La Ford GT réécrit la hiérarchie du Nürburgring pour les voitures à essence
Ford a frappé fort au Nürburgring, à l’heure où l’électrique et l’hybride continuent de bouleverser les livres des records. La Ford GT Mk IV a bouclé la Nordschleife en 6 minutes 15,977 secondes, s’est hissée au troisième rang du classement absolu et s’est adjugé le titre de voiture à moteur thermique la plus rapide de l’histoire sur le circuit.
Ford a signé ce chrono le 1er avril 2026 en confiant le volant à son pilote officiel Ford Racing, Frédéric Vervisch, fin connaisseur du Nürburgring et vainqueur des 24 Heures de la course allemande. Sur la Nordschleife longue de 20,832 kilomètres, il a réalisé un tour seulement battu, dans les comparaisons officielles, par la Porsche 919 Hybrid Evo et la Volkswagen ID.R. La GT Mk IV rejoint ainsi le cercle très fermé des références du circuit.
La catégorie compte autant que le temps au tour.
Le chronomètre ne raconte pourtant qu’une partie de l’histoire. La GT Mk IV est une machine pensée pour la piste, sans homologation routière. Elle relève donc davantage de la logique d’un prototype ou d’une voiture spéciale de circuit que de celle d’une voiture de série homologuée pour la route. Ford ne détient donc pas le record absolu du Nürburgring pour une voiture de production. Celui-ci appartient toujours à la Mercedes-AMG One, créditée d’un temps officiel de 6 minutes 29,090 secondes le 23 septembre 2024, et qui reste la voiture de série la plus rapide à avoir bouclé le circuit.
Reste que si le sommet du classement absolu est occupé par une Porsche hybride et une Volkswagen électrique, la GT Mk IV offre à Ford un titre symboliquement fort, celui de la voiture à essence la plus rapide à avoir tourné au Nürburgring. Le message pèse d’autant plus lourd à un moment où de nombreux constructeurs associent déjà les performances ultimes à l’électrification. Ford a su exploiter cette opposition à son avantage et rappeler que le moteur thermique peut encore offrir un rythme brut et sans compromis.
La voiture a été conçue dans ce but précis.

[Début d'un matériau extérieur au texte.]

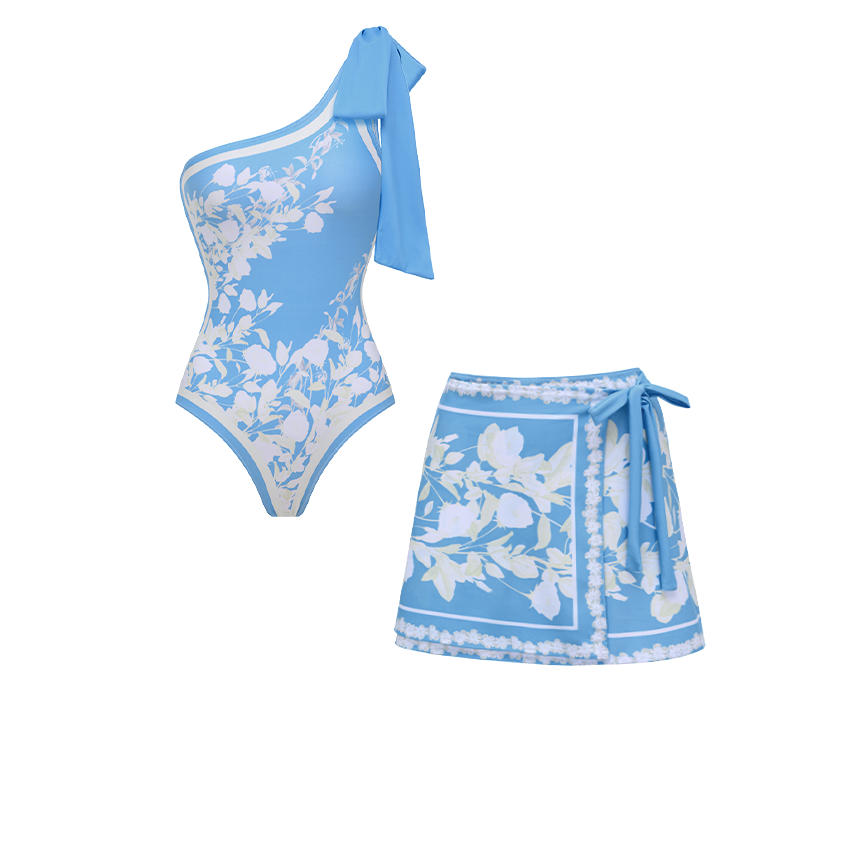 [Copy]One-Shoulder Blue Violet Flower Print Swimsuit Set(s)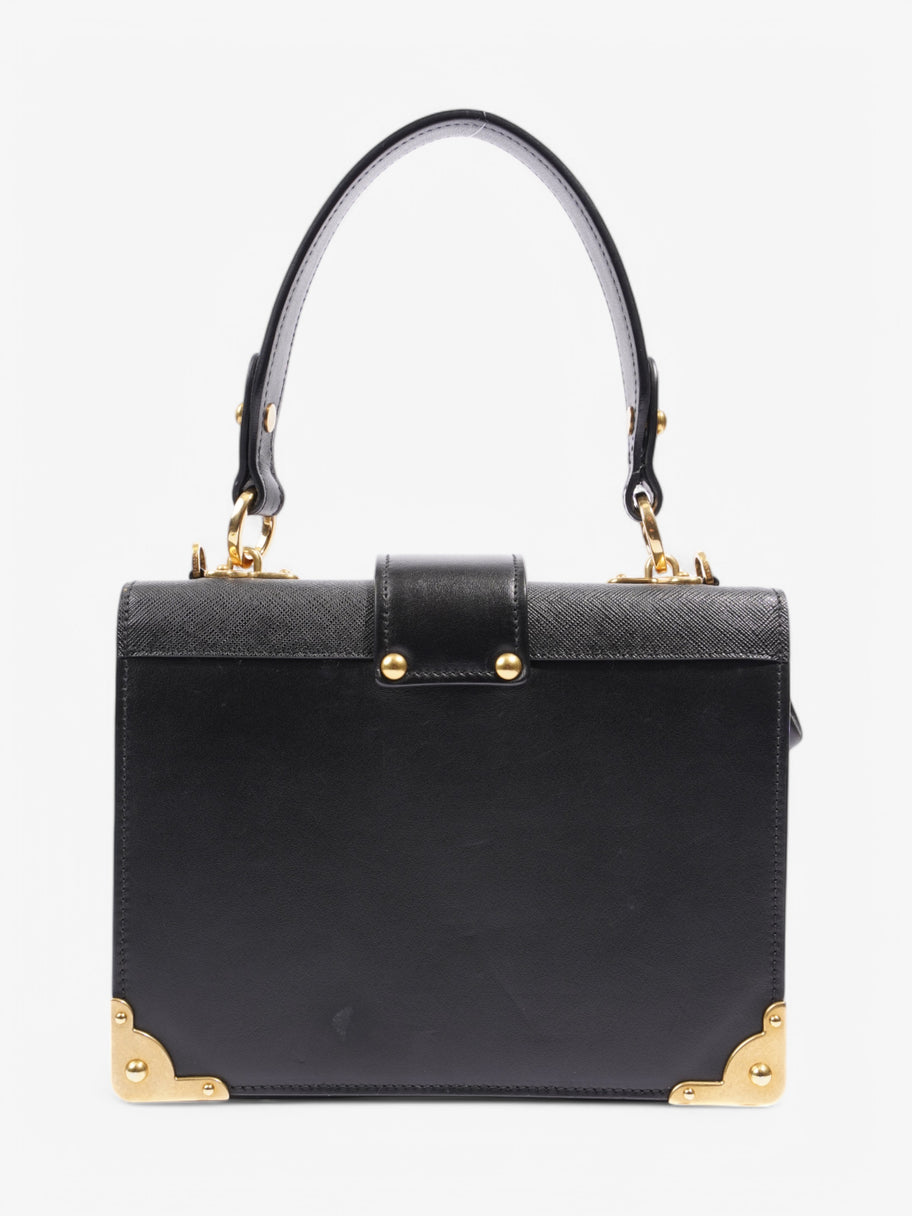 Prada Flap Bag Black / Gold Saffiano Leather Image 4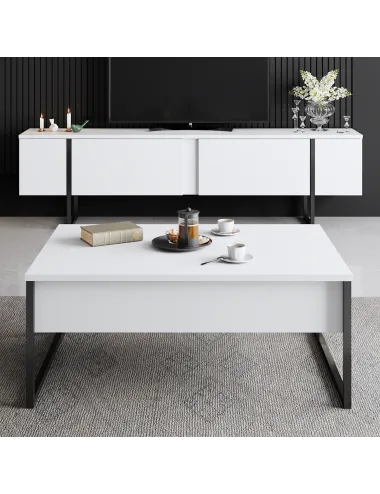 Comoda TV 180 X 30 X 50 Luxe - White, Black  - 4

La GT Mk IV reçoit un V6 EcoBoost biturbo de plus forte cylindrée, développant plus de 800 ch, ainsi qu’un empattement allongé, une transmission et des suspensions réglées pour la course, et un pack aérodynamique arrière allongé de type long tail destiné à améliorer la stabilité et l’appui sur circuit. Ford n’a prévu que 67 exemplaires, ce qui fait de cette performance à la fois un exploit d’ingénierie et le baroud d’honneur du programme GT.
Ford ne commercialise pas la GT Mk IV comme un modèle de volume, pas plus qu’il ne compte sur elle pour redresser un résultat trimestriel. Le constructeur l’utilise comme un projet vitrine, destiné à renforcer son identité sportive et à préserver une aura technique susceptible d’être transmise ensuite à d’autres modèles. Dans cette logique, le résultat obtenu au Nürburgring agit comme un capital d’image dont la valeur dépasse largement les revenus générés par 67 voitures.
L’histoire ne se résume pas à un seul trophée.
Avec la Mk IV, Ford s’est aussi emparé du titre de voiture américaine la plus rapide de l’histoire au Nürburgring. Cela montre que la marque poursuit plusieurs objectifs à la fois, l’un tourné vers une crédibilité absolue sur circuit, l’autre vers un prestige plus large dans l’univers des voitures de performance. Cela explique aussi pourquoi Ford continue de garder dans son viseur d’autres projets centrés sur la piste.
Au final, les 6 minutes 15,977 secondes de la GT Mk IV marquent l’un de ces rares moments où ingénierie, héritage et communication convergent parfaitement. La couronne des voitures de série reste à l’AMG One, mais Ford a quitté le Nürburgring avec un autre trophée, tout aussi fort sur le plan symbolique, celui de la voiture à essence la plus rapide et de la voiture américaine la plus rapide à avoir bouclé l’Enfer vert.